**Aim of the task**
Transcribe exactly, and only, the lines running from the one with "istock green spinach" to the end of the entries below, both included, without any pictures.

[[ Input data, beginning ]]

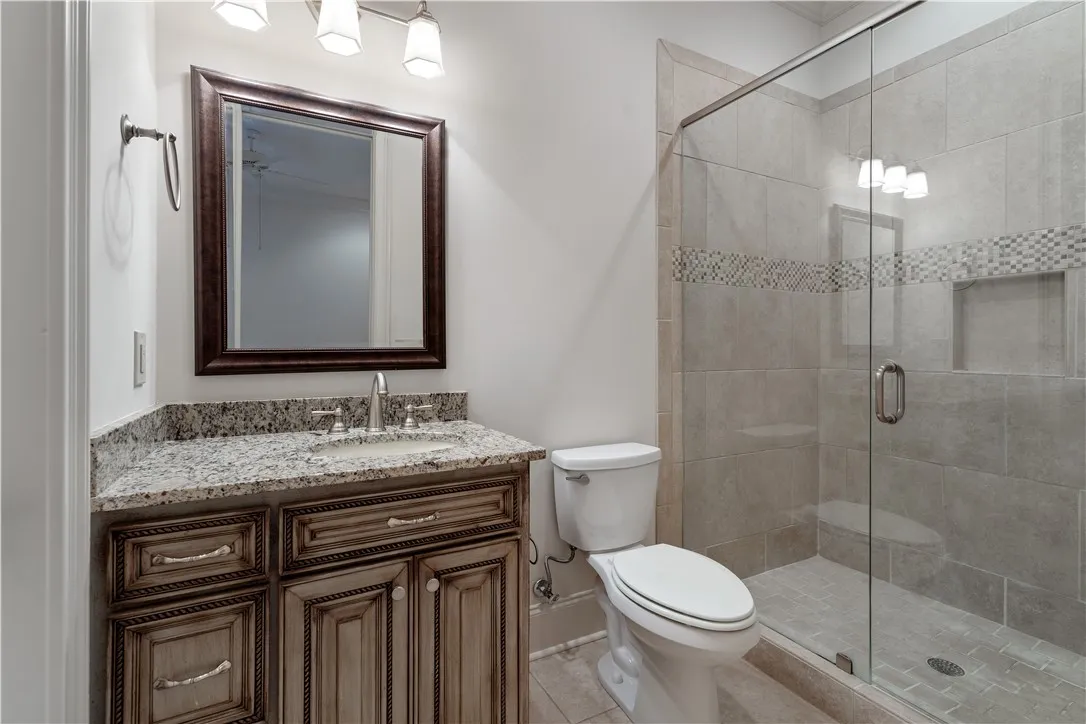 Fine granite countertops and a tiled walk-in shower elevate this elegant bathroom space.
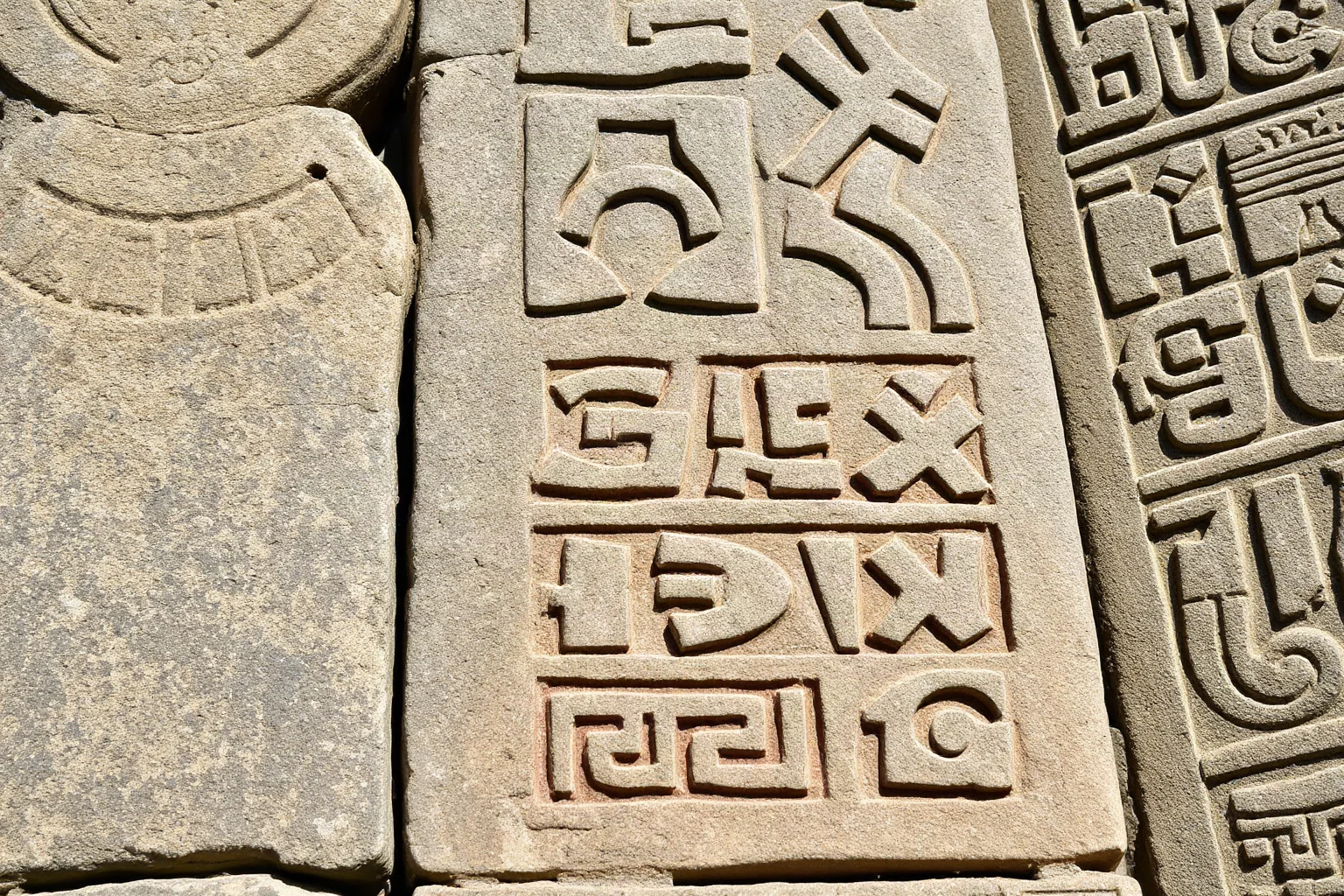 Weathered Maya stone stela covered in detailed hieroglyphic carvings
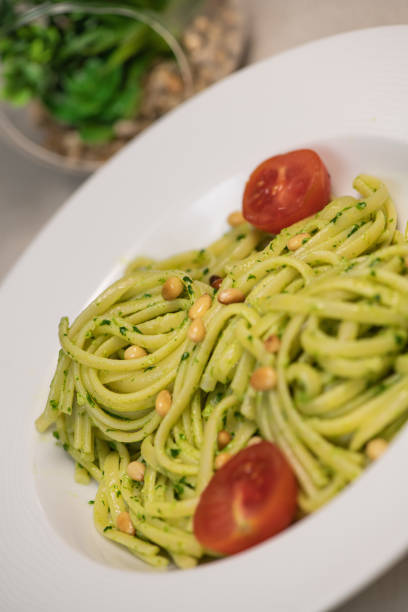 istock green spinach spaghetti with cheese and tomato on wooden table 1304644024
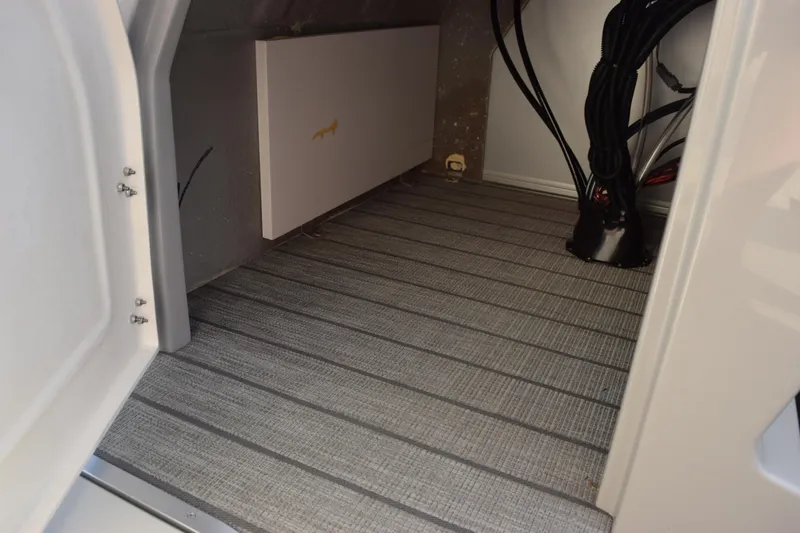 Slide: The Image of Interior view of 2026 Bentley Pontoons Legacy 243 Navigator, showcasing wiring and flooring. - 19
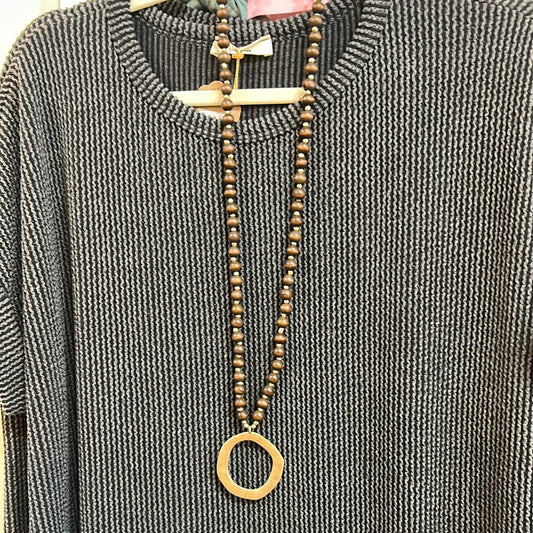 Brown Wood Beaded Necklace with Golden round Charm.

[[ Input data, end ]]

**Response to this task**
 istock green spinach spaghetti with cheese and tomato on wooden table 1304644024
 Slide: The Image of Interior view of 2026 Bentley Pontoons Legacy 243 Navigator, showcasing wiring and flooring. - 19
 Brown Wood Beaded Necklace with Golden round Charm.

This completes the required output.